The answer must give back every line of the data exactly, with no pictures.

**EXTRACTED MATERIAL**
------------------------------------------------

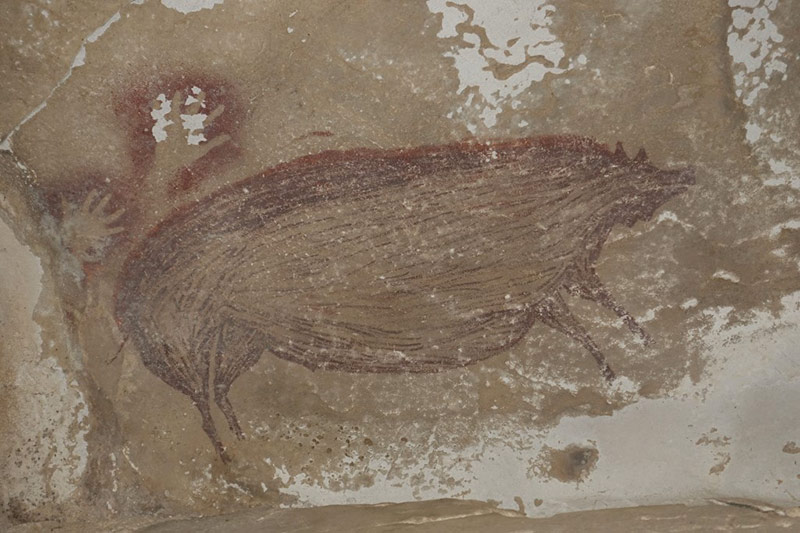 peinture-rupestre-cochon-45-500-ans-sula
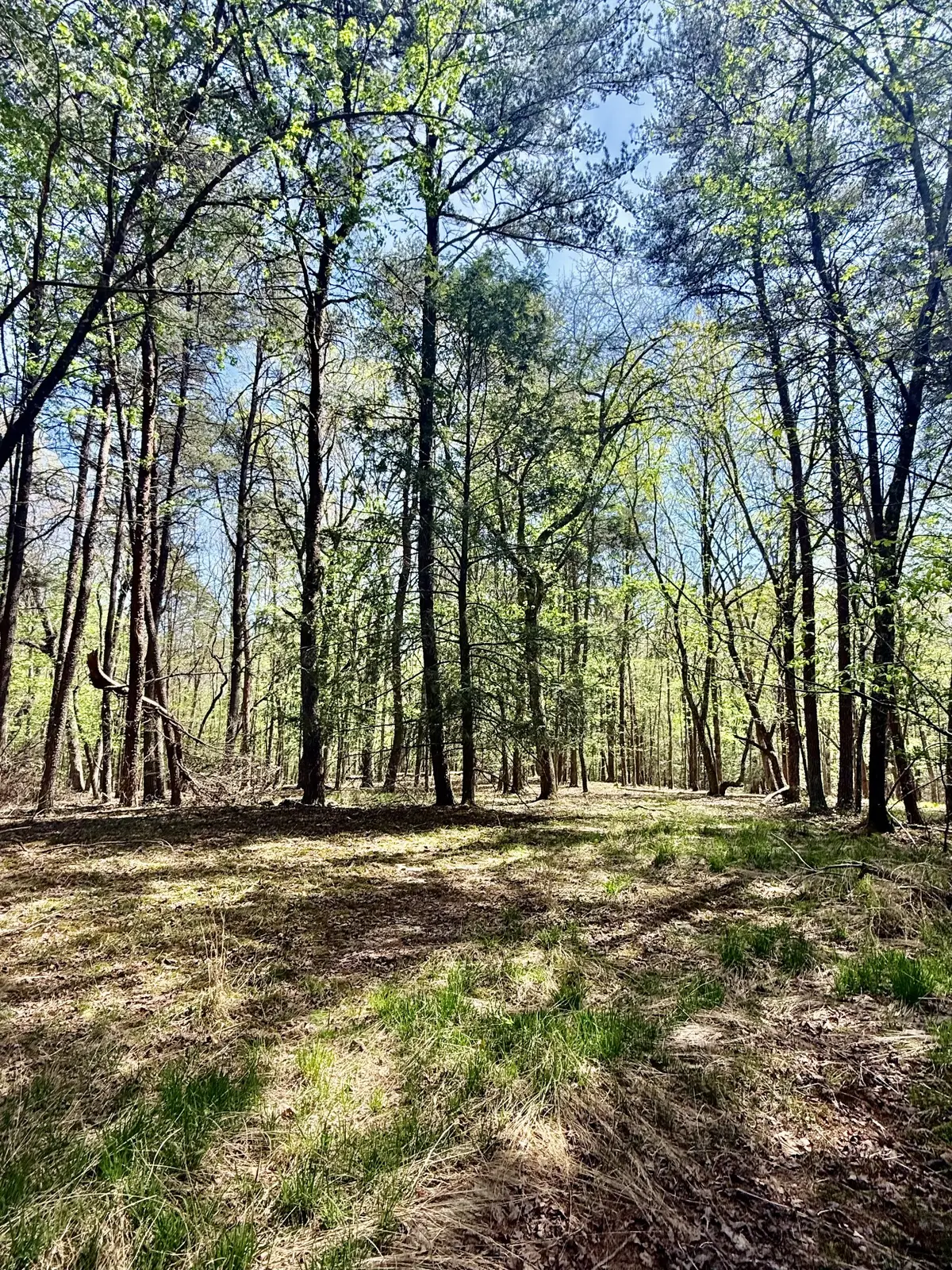 0 Timberwood Trace Lot 310, Monteagle, TN 37356 - #1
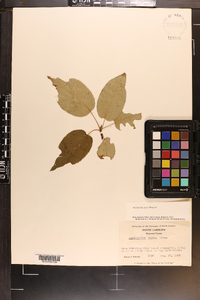 Amelanchier laevis image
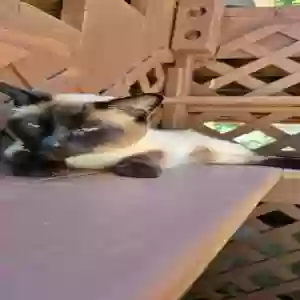 lost male cat gizmo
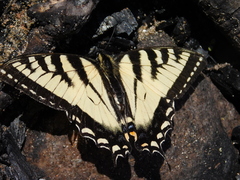 Papilio canadensis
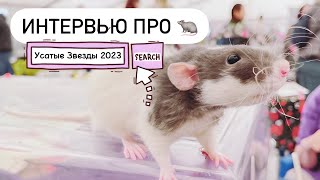 Какую выбрать крысу - мальчика или девочку? 🐀 Выставка грызунов «Усатые Звезды 2023»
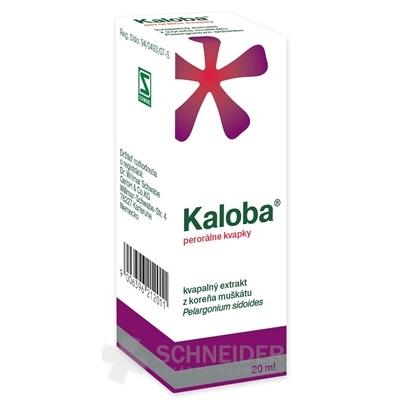 Kaloba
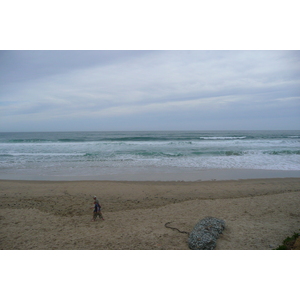 รูปถ่าย แอฟริกาใต้(South Africa) ถนนจากเฮอร์มานัสไปไนส์นา(Harmanus to Knysna road) 2008-09 131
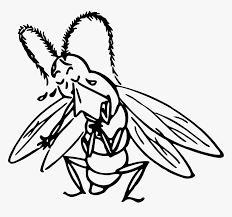 Vector of grasshopper on white background. Crying Insect Svg Free Cricket Insects Crying Drawing Hd Png Download Transparent Png Image Pngitem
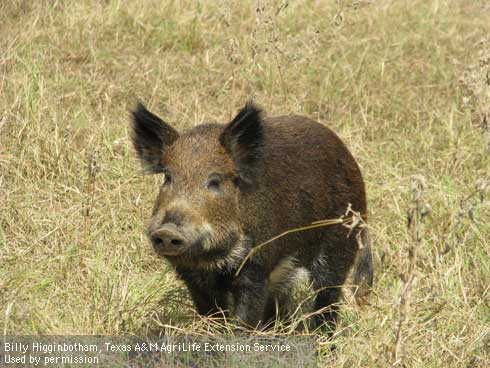 Adult wild pig, <i>Sus scrofa.</i>.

------------------------------------------------

**RESULT OF THIS TASK**
 peinture-rupestre-cochon-45-500-ans-sula
 0 Timberwood Trace Lot 310, Monteagle, TN 37356 - #1
 Amelanchier laevis image
 lost male cat gizmo
 Papilio canadensis
 Какую выбрать крысу - мальчика или девочку? 🐀 Выставка грызунов «Усатые Звезды 2023»
 Kaloba
 รูปถ่าย แอฟริกาใต้(South Africa) ถนนจากเฮอร์มานัสไปไนส์นา(Harmanus to Knysna road) 2008-09 131
 Vector of grasshopper on white background. Crying Insect Svg Free Cricket Insects Crying Drawing Hd Png Download Transparent Png Image Pngitem
 Adult wild pig, <i>Sus scrofa.</i>.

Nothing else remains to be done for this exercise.